What to do: Apart from the pictures, everything in the lines below must be printed exactly.

Data segment:
◇ ◇ ◇ ◇ ◇ ◇ ◇

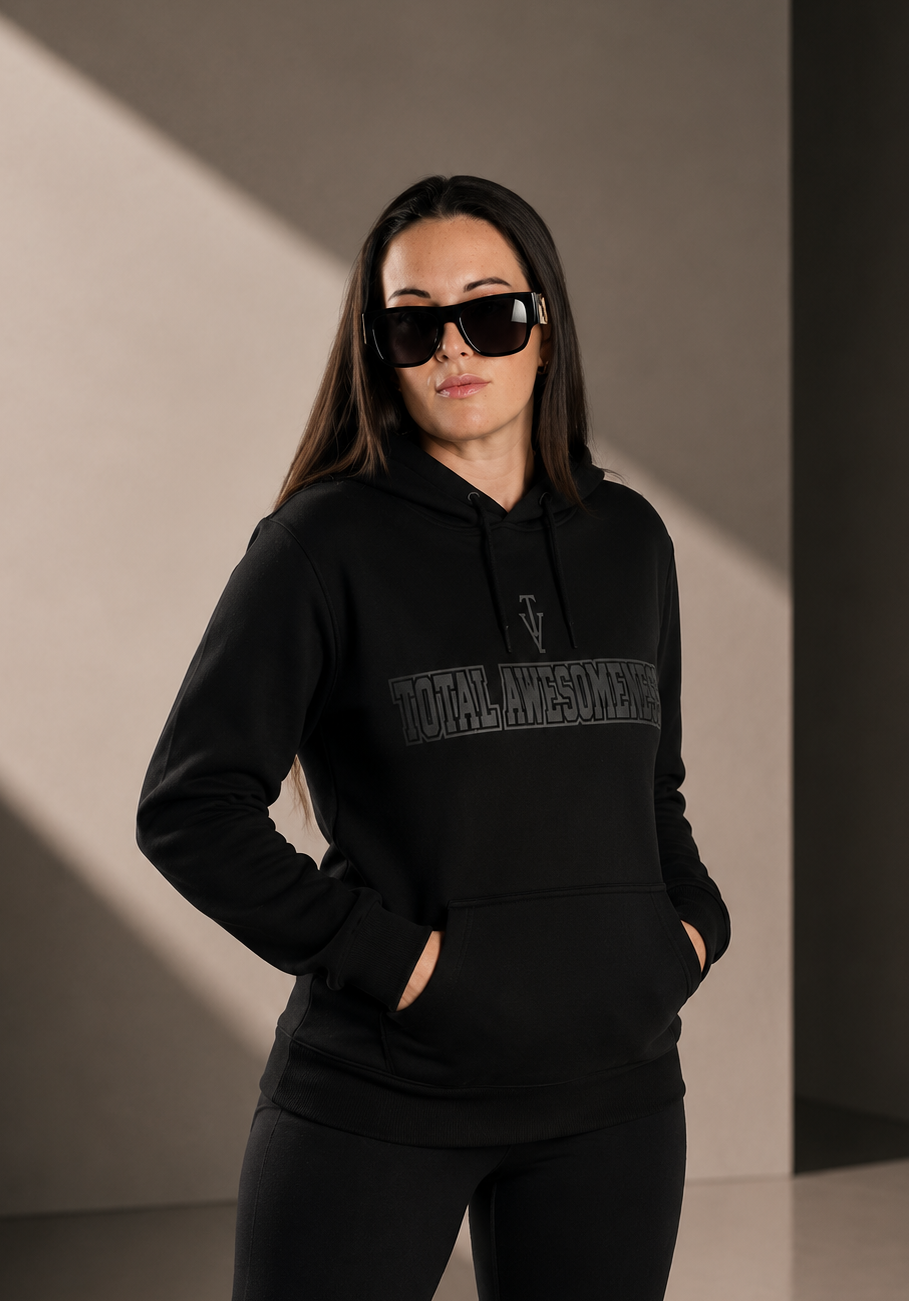 Women’s Classic Hoodie – Black - Black Logo - Printed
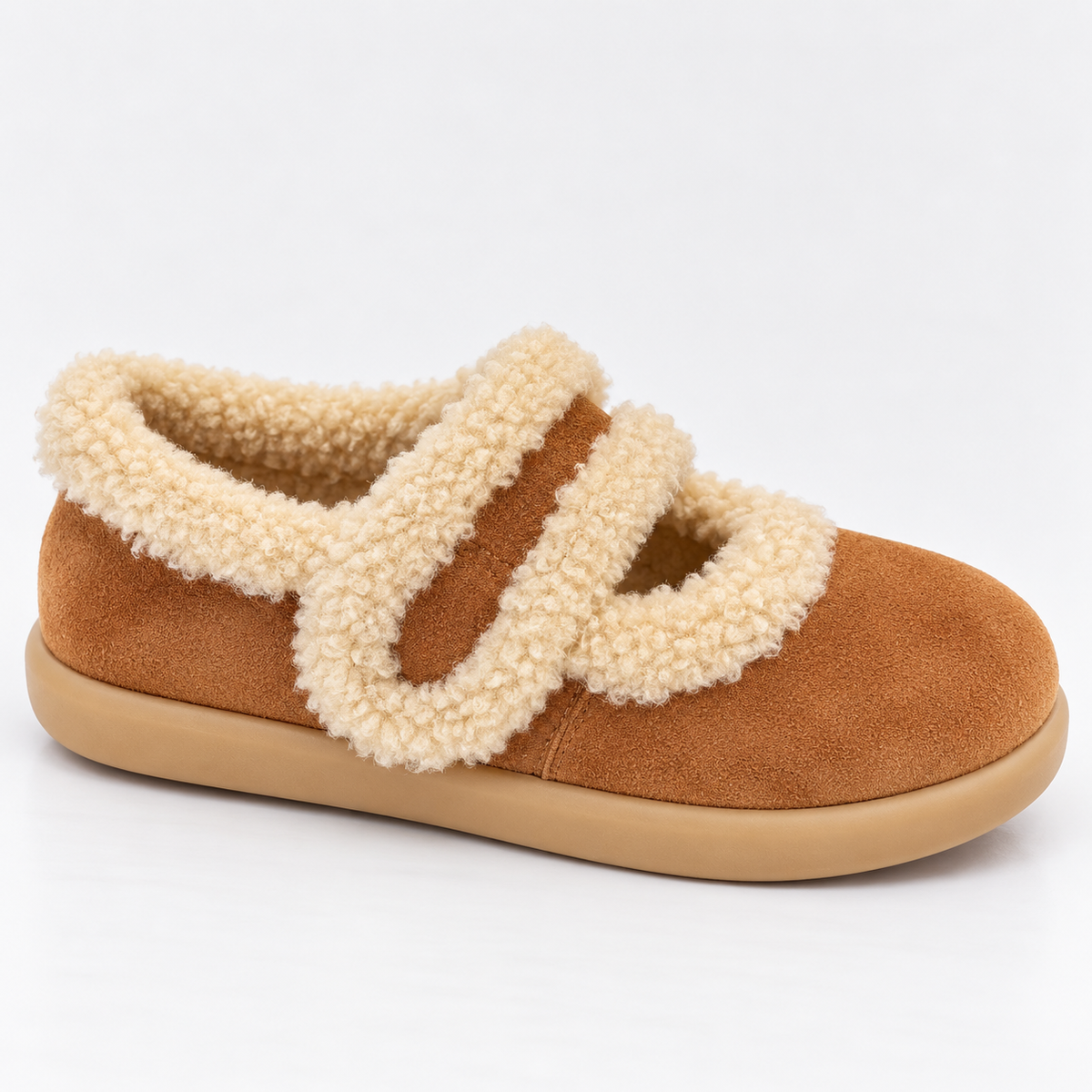 Women's Faux Fur Lined Suede-Look Slippers with Strap - view 1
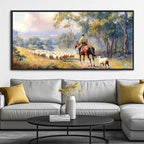 JEAWA Large Framed Canvas Painting - Western Shepherding Landscape Wall Decor, Picture with Trees, sheeps and Fine Horse, Shepherd Art Prints for Bedroom Living Room Home Decoration, 29x58 IN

◇ ◇ ◇ ◇ ◇ ◇ ◇

Solution for this exercise:
 Women’s Classic Hoodie – Black - Black Logo - Printed
 Women's Faux Fur Lined Suede-Look Slippers with Strap - view 1
 JEAWA Large Framed Canvas Painting - Western Shepherding Landscape Wall Decor, Picture with Trees, sheeps and Fine Horse, Shepherd Art Prints for Bedroom Living Room Home Decoration, 29x58 IN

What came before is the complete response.